For any fixed point $\mathbf{z}$, we have a kernel slice function $K_\mathbf{z}(\mathbf{x}) = K(\mathbf{z},\mathbf{x})$. The graph of $K_\mathbf{z}$ is just a Gaussian bump centered at $\mathbf{z}$. Now, if the feature space were only finite dimensional, that would mean we could take a finite set of bumps at a fixed set of points and form any Gaussian bump anywhere else. But clearly there's no way we can do this; you can't make a new bump out of old bumps, because the new bump could be really far away from the old ones. So, no matter how many feature vectors (bumps) we have, we can always add new bumps, and in the feature space these are new independent vectors. So the feature space can't be finite dimensional; it has to be infinite.

Proof

We use induction. Suppose you have an arbitrary set of points $\mathbf{x}^{(1)}, \mathbf{x}^{(2)}, \ldots, \mathbf{x}^{(n)}$ such that the vectors $\Phi(\mathbf{x}^{(i)})$ are linearly independent in the feature space. Now find a point $\mathbf{x}^{(n+1)}$ distinct from these $n$ points, in fact a billion sigmas away from all of them. We claim that $\Phi(\mathbf{x}^{(n+1)})$ is linearly independent from the first $n$ feature vectors $\Phi(\mathbf{x}^{(i)})$.

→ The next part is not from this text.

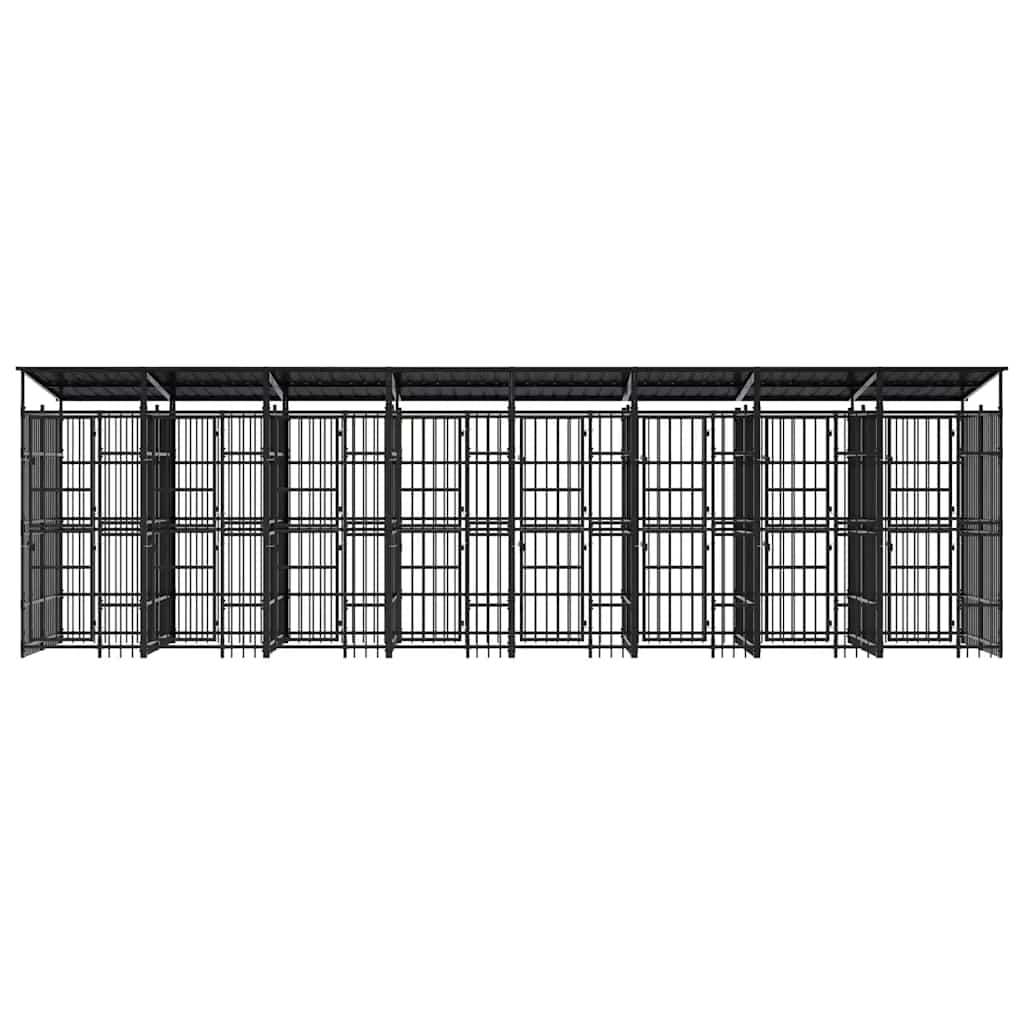 Vanjski kavez za pse s krovom čelični 14,75 m²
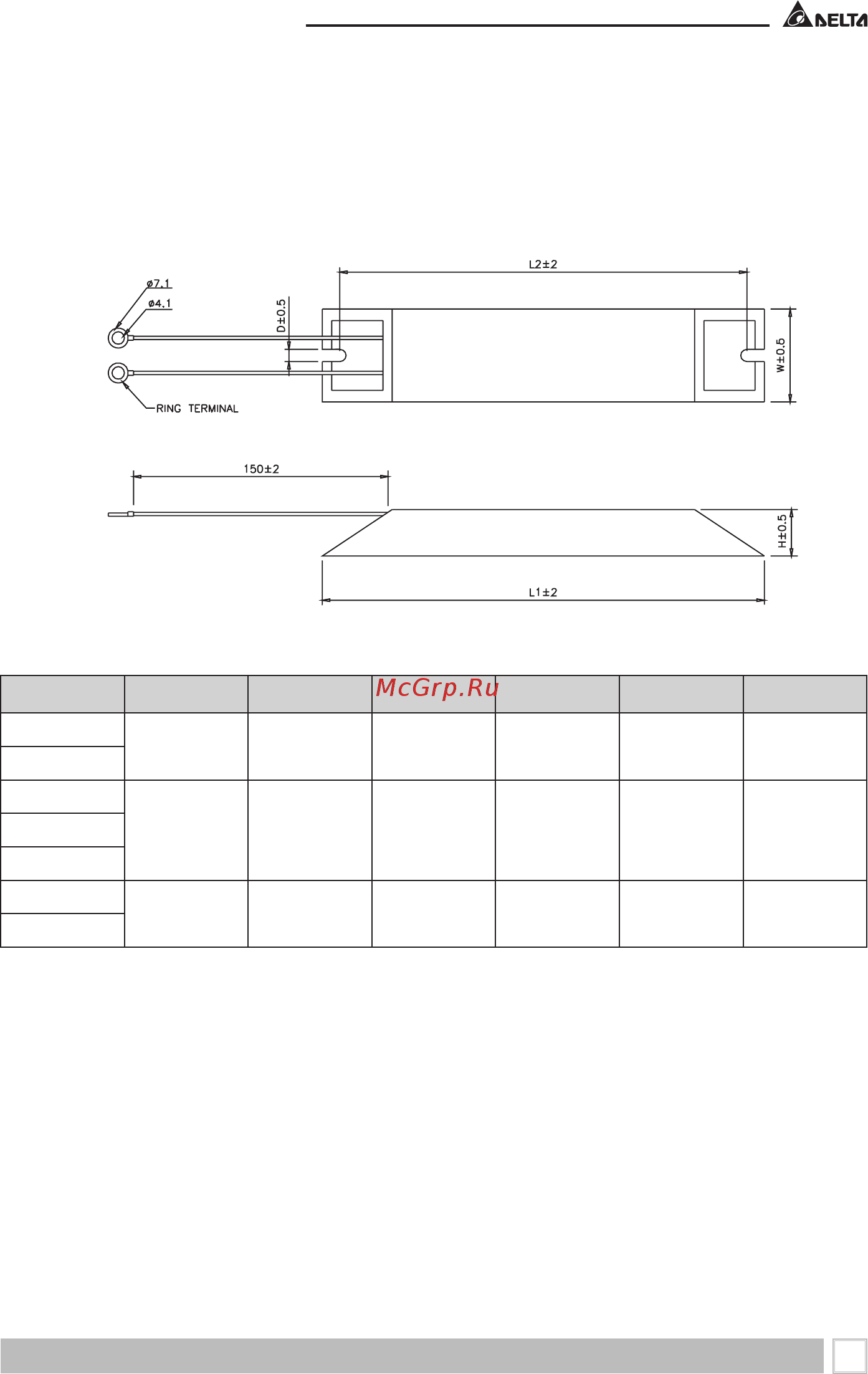 Delta Electronics VFD004EL21A [153/184] Модель l1 l2 h d w масса г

Proof by contradiction. Suppose to the contrary that

$$\Phi(\mathbf{x}^{(n+1)}) = \sum_{i=1}^n \alpha_i \Phi(\mathbf{x}^{(i)})$$

Now take the inner product on both sides with an arbitrary $\mathbf{x}$. By the identity $\langle \Phi(\mathbf{z}), \Phi(\mathbf{x}) \rangle = K(\mathbf{z},\mathbf{x})$, we obtain

$$K(\mathbf{x}^{(n+1)},\mathbf{x}) = \sum_{i=1}^n \alpha_i K(\mathbf{x}^{(i)},\mathbf{x})$$

Here $\mathbf{x}$ is a free variable, so this equation is an identity stating that two functions are the same. In particular, it says that a Gaussian centered at $\mathbf{x}^{(n+1)}$ can be represented as a linear combination of Gaussians at other points $\mathbf{x}^{(i)}$. It is obvious geometrically that one cannot create a Gaussian bump centered at one point from a finite combination of Gaussian bumps centered at other points, especially when all those other Gaussian bumps are a billion sigmas away. So our assumption of linear dependence has led to a contradiction, as we set out to show.